$\mathbb{Q}[X,Y]/(Y^2-X^3)$ is not a UFD
Just for funsies, here is another approach.
Claim: $A:=\mathbb{Q}[X,Y]/(Y^2-X^3)$ isn't integrally closed (it has a singularity at the origin).
To see this, note that $\displaystyle\frac{Y}{X}\in\text{Frac}(A)$, but that $\displaystyle \frac{Y}{X}\notin A$. Indeed, if $\displaystyle \frac{Y}{X}\in A$ then there exists polynomials $f(X,Y),g(X,Y)\in\mathbb{Q}[X,Y]$ such that $Y=Xf(X,Y)+g(X,Y)(Y^2-X^3)$. This is clearly impossible though. Note though that $\displaystyle \frac{Y}{X}$ satisfies $T^2-X\in A[X]$. Thus, $A$ isn't integrally closed, and so can't be a UFD.
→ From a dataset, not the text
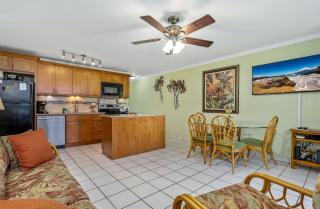 Waiohuli Beach Hale #C-112 Oceanfront Complex with Ocean Views Ground Floor - 6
As Jared notes, your approach is fine. You also consider directly the relation $Y^2 - X^3 = 0$, which implies that $Y^2 = X^3$. Does this give you any hints for an element which has two distinct factorizations?
If $\overline{X}$ was prime, then it would generate a prime ideal, but the quotient of $\dfrac{\mathbb{Q}[X,Y] }{(Y^2-X^3)}$ by $(\overline{X})$ is $\mathbb{Q}[Y]/(Y^2)$ which is not an integral domain since $Y \cdot Y =0$ in that ring.